Netgate Discussion Forum
    • Categories
    • Recent
    • Tags
    • Popular
    • Users
    • Search
    • Register
    • Login

    Super Micro C2758 crashes

    Scheduled Pinned Locked Moved 2.4 Development Snapshots
    17 Posts 4 Posters 5.0k Views
    Loading More Posts
    • Oldest to Newest
    • Newest to Oldest
    • Most Votes
    Reply
    • Reply as topic
    Log in to reply
    This topic has been deleted. Only users with topic management privileges can see it.
    • A
      athurdent
      last edited by

      Fatal trap 12: page fault while in kernel mode
      cpuid = 3; apic id = 06
      fault virtual address = 0x78
      fault code = supervisor read data, page not present
      instruction pointer = 0x20:0xffffffff80e33224
      stack pointer         = 0x28:0xfffffe01ed0977e0
      frame pointer         = 0x28:0xfffffe01ed097860
      code segment = base 0x0, limit 0xfffff, type 0x1b
      = DPL 0, pres 1, long 1, def32 0, gran 1
      processor eflags = interrupt enabled, resume, IOPL = 0
      current process = 12 (irq269: igb1:que 3)

      I have uploaded the crash info, this is the second time it happened in the last 24 hours.
      Uploading IP ends with .143.1.27

      Edit: kern.ipc.nmbclusters="1000000" has been configured

      1 Reply Last reply Reply Quote 0
      • chrismacmahonC
        chrismacmahon
        last edited by

        looking at both crash reports (yesterday/today), you are having different call outs.

        Potentially add: hw.igb.num_queues=1 in loader.conf

        Hope that helps.

        Need help fast?

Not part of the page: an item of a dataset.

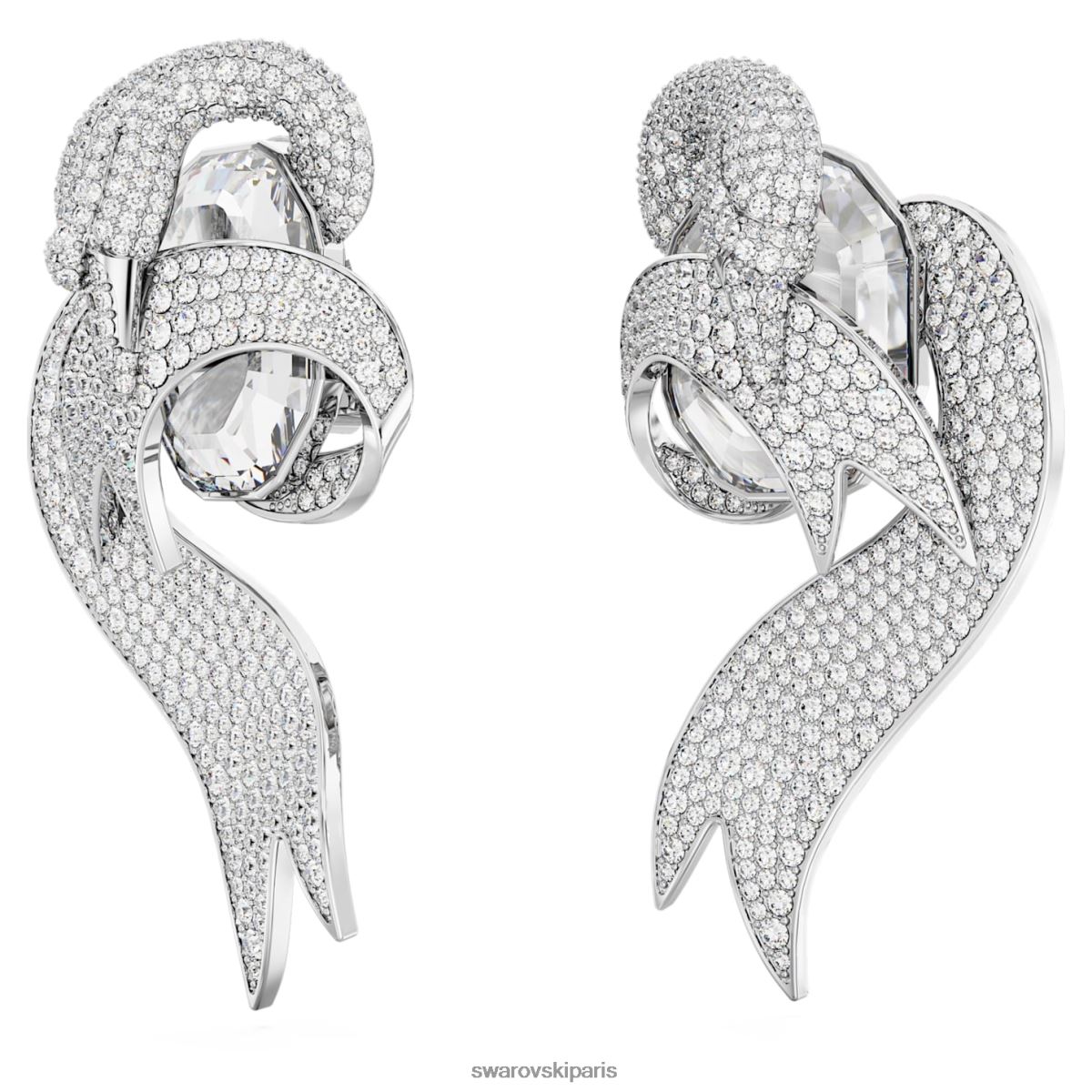 bijoux Swarovski boucles d'oreilles clip cygne à la mode design asymétrique, cygne, blanc, rhodié RZD0XJ946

Our support is available 24/7 https://www.netgate.com/support/

        Do Not PM For Help!

        1 Reply Last reply Reply Quote 0
        • A
          athurdent
          last edited by

          Thanks, I have added this and rebooted. Will report back.

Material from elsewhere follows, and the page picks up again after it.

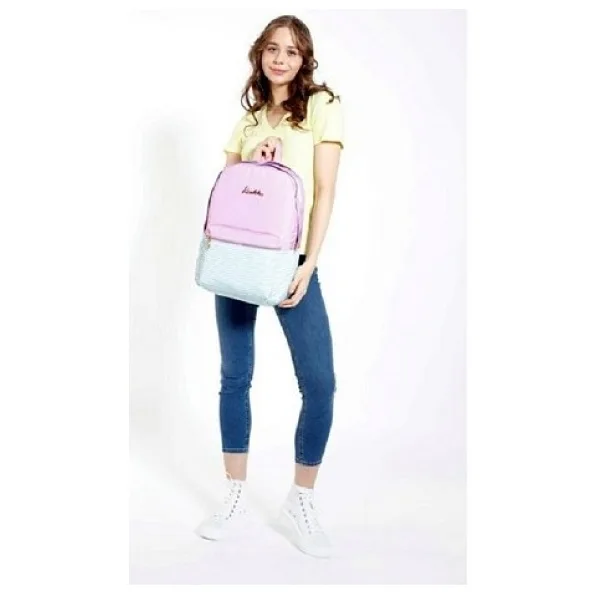 Kaukko K1493 Soft Floral Violet Okul Sırt Çantası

          1 Reply Last reply Reply Quote 0
          • w0wW
            w0w
            last edited by

            If "safe" hw.igb.num_queues=1 works for for you, then you can try
            hw.igb.num_queues=2
            C2758 is 8 core CPU and you have 4 intel ports, according to freebsd tuning guide https://calomel.org/freebsd_network_tuning.html

            1 Reply Last reply Reply Quote 0
            • A
              athurdent
              last edited by

              The board has been stable, so I modified the loader conf to use 2 queues. While there I also installed the latest snapshot and rebooted.
              On Sunday I upgraded to BIOS 1.1a, the board was on 1.1 before, forgot to mention that. Don't know if anything relevant has changed with this BIOS, as I cannot find any changelog / release notes from Supermicro.

              1 Reply Last reply Reply Quote 0
              • A
                athurdent
                last edited by

                OK, no luck with 2 queues.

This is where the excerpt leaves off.